At this service letters were read from Rev. G.R. Sanderson, D.D., London, a former pastor, who cherished many precious memories of Picton friends; Rev. George Young, Toronto, aged seventy-one, could not undertake a journey in such weather, but, if spared, he would try, next summer, to visit his native country; from Mrs. Letitia Youmans, Toronto, who, forty-three years ago, entered Picton a stranger, to teach in McMullen’s academy. For forty-nine years, she had been a member of the Methodist church. “As I recount the seventeen ministers who have, during these years, been pastors of the church, I am reminded that five of them have gone home to heaven. And those who used to worship with us, a great company, are, to-day, before the throne. Doubtless their spirits mingle with you as you worship together.” John N. Lake, New York, recalled old days. In 1855, he preached his first sermon in Picton. In 1856-7 300 souls were converted, among them, many pillars in the present church.
A dinner was served in the evening, and afterwards the church was crowded. Ex-Mayor Porte presided. He said the original church, built on the site of the present church, was moved off its foundation thirty-eight or nine years ago and was burned last year. R. B. Mastin gave a welcoming address to the congregation on behalf of Mr. Johnson’s class. He believed the same fire of a hundred years ago was still burning in the hearts of his classmates. H.C. McMullen delivered an address, on “One Hundred Years of Methodism in Picton.” It was a stirring review. In 1791, William Losee was appointed to the Kingston circuit, covering fifty miles east and west of this city. In the next two years he formed many classes, and in 1793 Losee and Darius Dunham were appointed to take charge of the Canadian work, divided into two circuits, Oswegatchie and Cataraqui, instead of Kingston. Mr. Dunham had charge of the Cataraqui circuit, and Losee of the lower, located in the vicinity of Ogdensburg. Mr. Dunham, having received full ordination, ranked as the senior minister. Revivals seemed almost constant in those days, as the membership on the Cataraqui circuit had increased to 255 and on the lower circuit to ninety by May 1793. During this year the first class was organized at Hallowell bridge, now Picton, as the original list of members, now in W. H. Johnston’s possession, bears date, January 27th, 1893 and is signed by Darius Dunham. In 1817, the Hallowell circuit was formed and in 1818 it had 372 members. now there are 4,000 members in the same bounds as the original circuit.

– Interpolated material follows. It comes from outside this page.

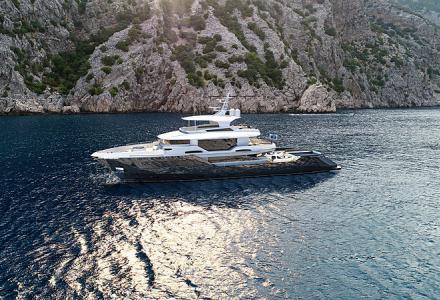 Concept of Kando130XL Explorer Revealed by AvA Yachts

Following the address came vigorous remarks from Revs. W. Tomblin, A. D. Miller and O.R. Lambly. At a fellowship meeting Messrs, James Ross, Richard Williamson, J. B. McMullen, W. H. Austin, (Trenton), and G. W. McMullen spoke.
Among the ministers present who took part in the services were: Rev. W. Tomblin, Centreton; Rev. O. R. Lambly, Wellington; Rev. W. Briden, Bloomfield; Rev. S. J. Shorey, Napanee; Rev. G. Horton, Adolphustown; and Rev. A. D Miller, Picton.
The committee appointed at the last meeting of the quarterly official board to take charge of the centennial celebration was composed of the following members: Rev. Dr. McDairmid, C. S. Wilson, W. J. Porte, W. H. Johnston, G. D. Platt, R.B. Mastin, H. W. Branscombe and H. C. McMullen.